Records for the exercise:

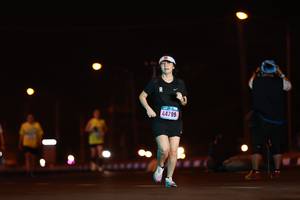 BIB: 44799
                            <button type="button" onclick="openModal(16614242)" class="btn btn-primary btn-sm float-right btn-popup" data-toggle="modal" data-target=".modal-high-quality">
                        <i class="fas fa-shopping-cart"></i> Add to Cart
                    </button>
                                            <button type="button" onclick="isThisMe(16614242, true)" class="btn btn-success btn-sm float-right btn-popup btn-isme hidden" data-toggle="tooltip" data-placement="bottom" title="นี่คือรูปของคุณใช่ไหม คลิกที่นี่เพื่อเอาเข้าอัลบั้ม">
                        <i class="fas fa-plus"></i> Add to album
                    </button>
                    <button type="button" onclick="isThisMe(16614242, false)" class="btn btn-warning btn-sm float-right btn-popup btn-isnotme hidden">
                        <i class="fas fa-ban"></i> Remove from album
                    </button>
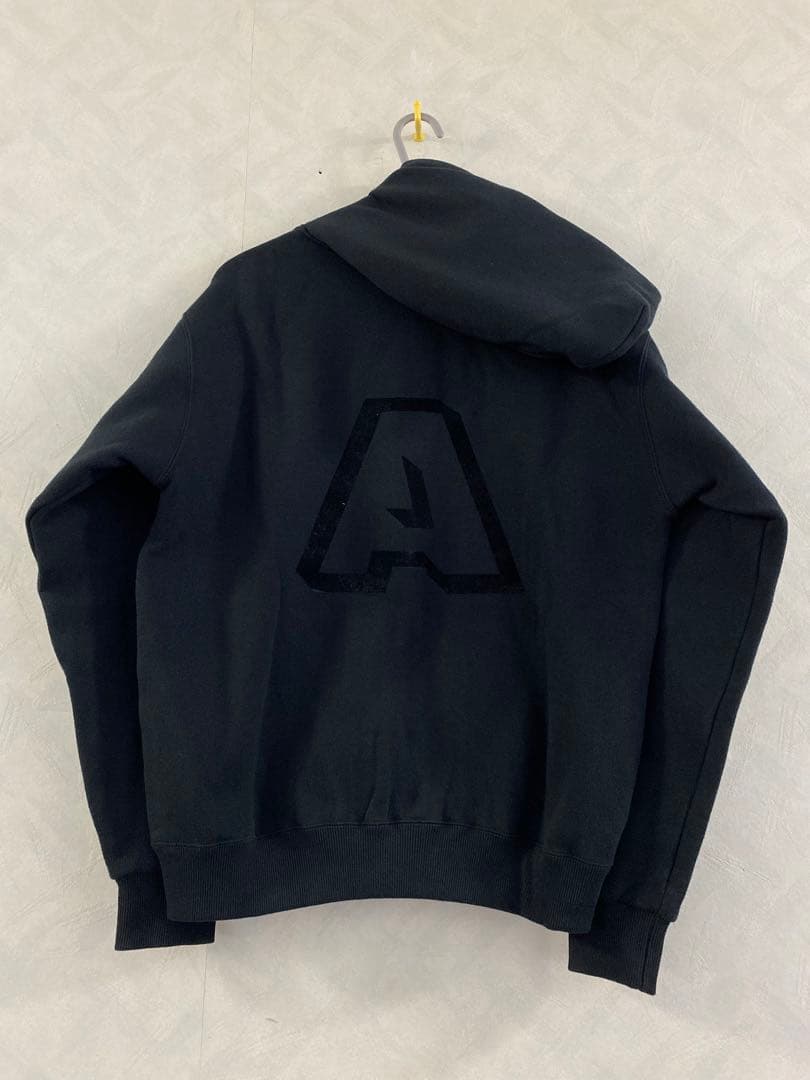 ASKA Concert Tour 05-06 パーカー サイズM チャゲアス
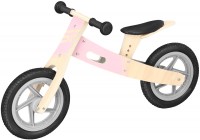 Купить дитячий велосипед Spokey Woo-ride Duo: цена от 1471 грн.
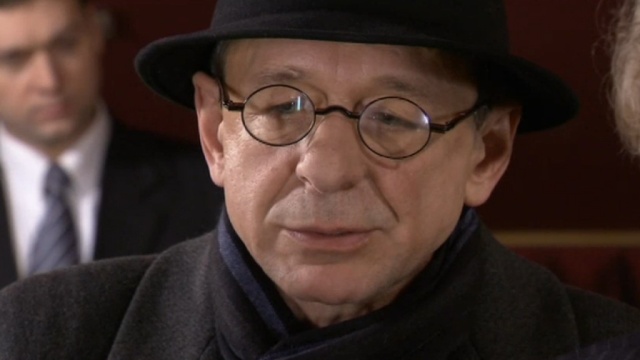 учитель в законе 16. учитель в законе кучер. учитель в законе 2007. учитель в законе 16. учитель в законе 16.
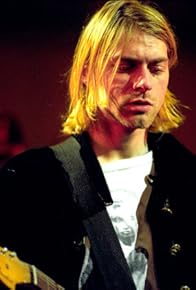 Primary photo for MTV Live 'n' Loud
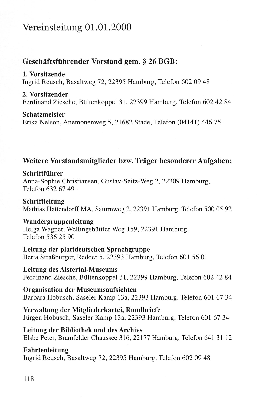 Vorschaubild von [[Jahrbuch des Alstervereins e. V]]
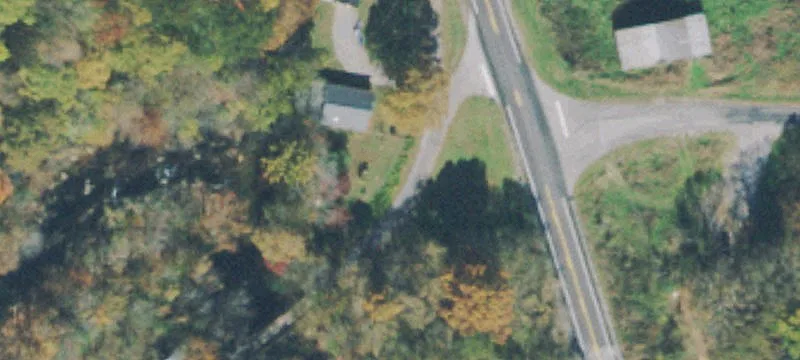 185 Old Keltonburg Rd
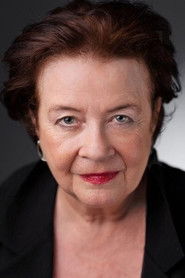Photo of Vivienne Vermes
...
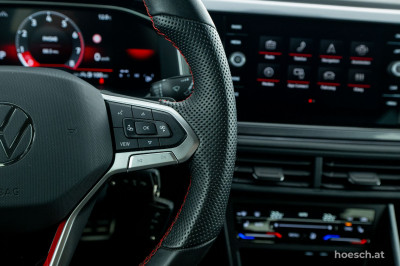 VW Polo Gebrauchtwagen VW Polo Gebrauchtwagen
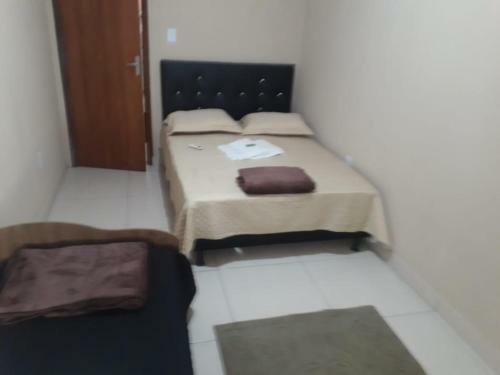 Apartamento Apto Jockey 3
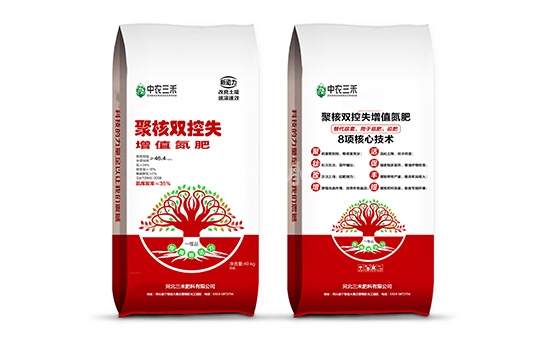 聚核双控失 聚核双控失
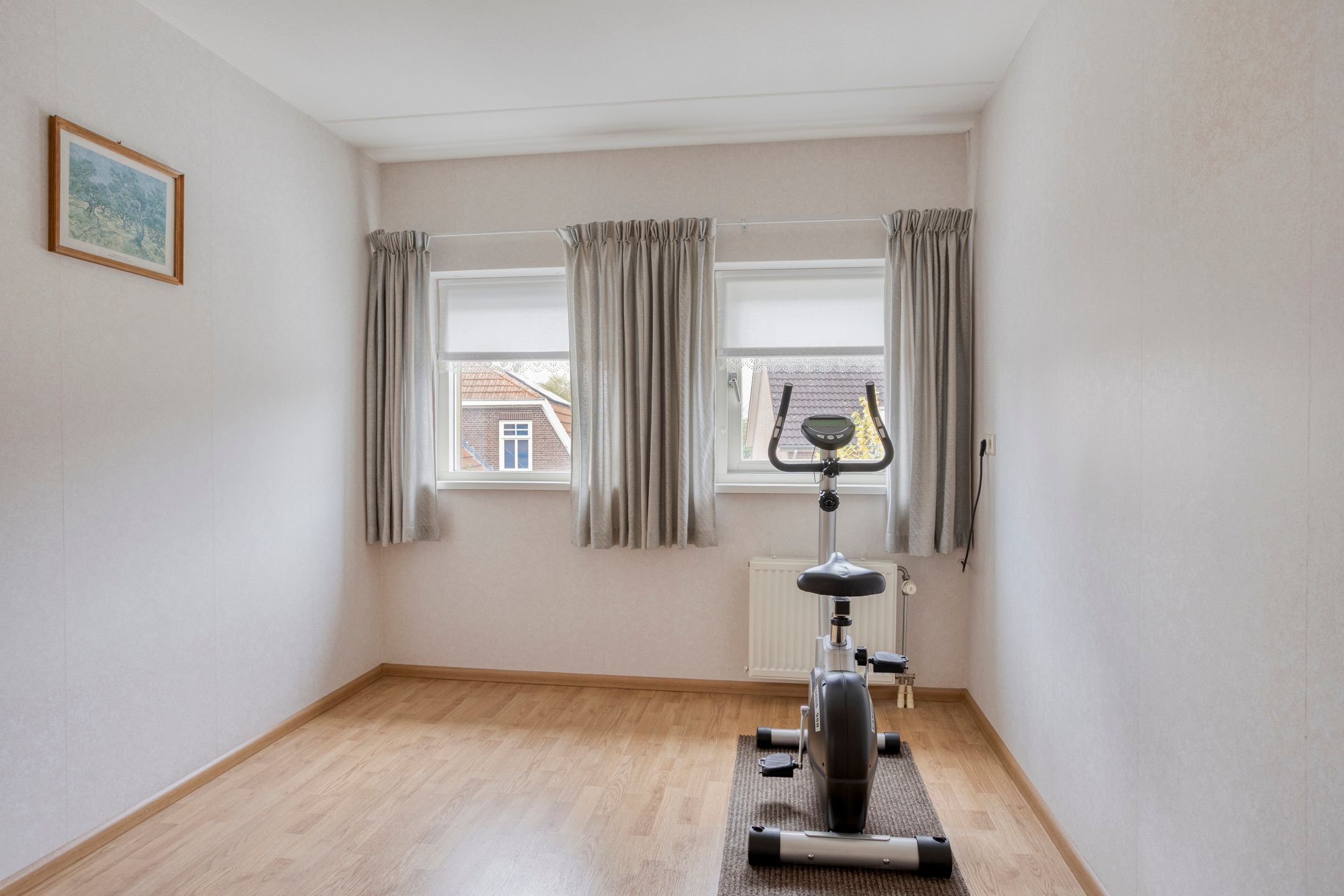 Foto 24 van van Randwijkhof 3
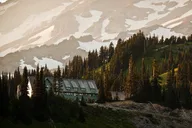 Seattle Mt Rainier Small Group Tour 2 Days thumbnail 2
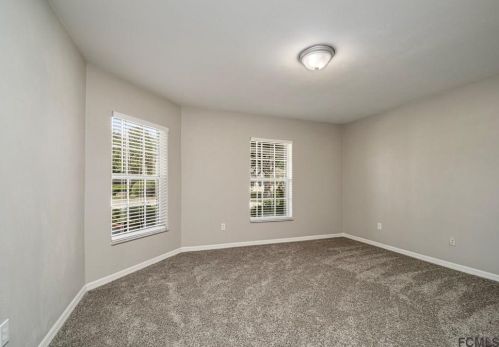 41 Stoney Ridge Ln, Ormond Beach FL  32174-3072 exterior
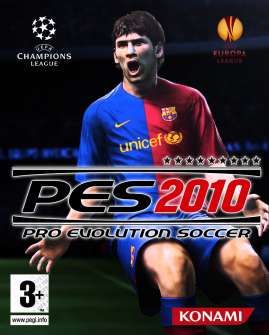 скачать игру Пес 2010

What to work on: Beginning at the line above that contains "Remove from album", repeat each line exactly through the one that contains "Photo of Vivienne Vermes", and leave out the pictures.

Completed task:
                        <i class="fas fa-ban"></i> Remove from album
                    </button>
 ASKA Concert Tour 05-06 パーカー サイズM チャゲアス
 Купить дитячий велосипед Spokey Woo-ride Duo: цена от 1471 грн.
 учитель в законе 16. учитель в законе кучер. учитель в законе 2007. учитель в законе 16. учитель в законе 16.
 Primary photo for MTV Live 'n' Loud
 Vorschaubild von [[Jahrbuch des Alstervereins e. V]]
 185 Old Keltonburg Rd
Photo of Vivienne Vermes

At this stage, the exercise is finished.